As Jonah sank down into the stormy waters of the Mediterranean, he thought he was about to die and he knew he deserved it. He was running away from God’s call, and the storm - which was threatening the lives of everyone on board the ship to Tarshish - was focussed directly on him. Jonah understood his guilt and decreed his own punishment. He was thrown overboard, and as he sank into the turbulent water he called out to God to spare him.
Then came the famous whale. God, who had who had sent a deadly storm against Jonah, had also sent a whale to save him. As Jonah discovered himself to be surprisingly alive in the belly of the whale, he discovered the depths of God’s forgiveness.
Take: 2. God called Jonah once more.

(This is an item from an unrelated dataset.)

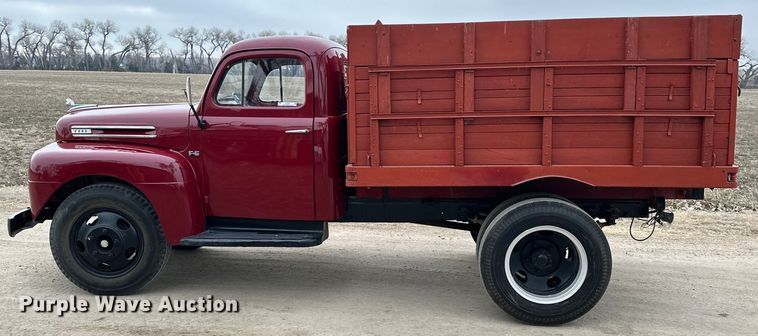 image for item NJ9397 1948 Ford F-5 grain truck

This time the prophet obediently made his way to Nineveh - the heartland of his greatest enemies - and dutifully proclaimed God’s impending judgement. Jonah knew about God’s judgement from his own recent experience. With his mission accomplished, he settled down to watch the great city’s downfall.
But nothing happened. The people of Nineveh had called out to God to spare them, just as Jonah had, and God resolved to do just that.
Jonah was not pleased. He had not travelled all that way only for nothing to happen. He had done it to see his enemies destroyed. He was furious at God's graciousness. This prophet, who had gratefully accepted God’s forgiveness a few weeks earlier was not willing to extend the same mercy to the people of Nineveh.
God needed to teach Jonah a lesson, and did so by employing a plant and a worm (Jonah Chapter 4). The point of the lesson was simple. Forgiveness is a two-way process. If you want to be forgiven, you have to be willing to forgive.
Jesus put a clause to that effect in the Lord’s Prayer.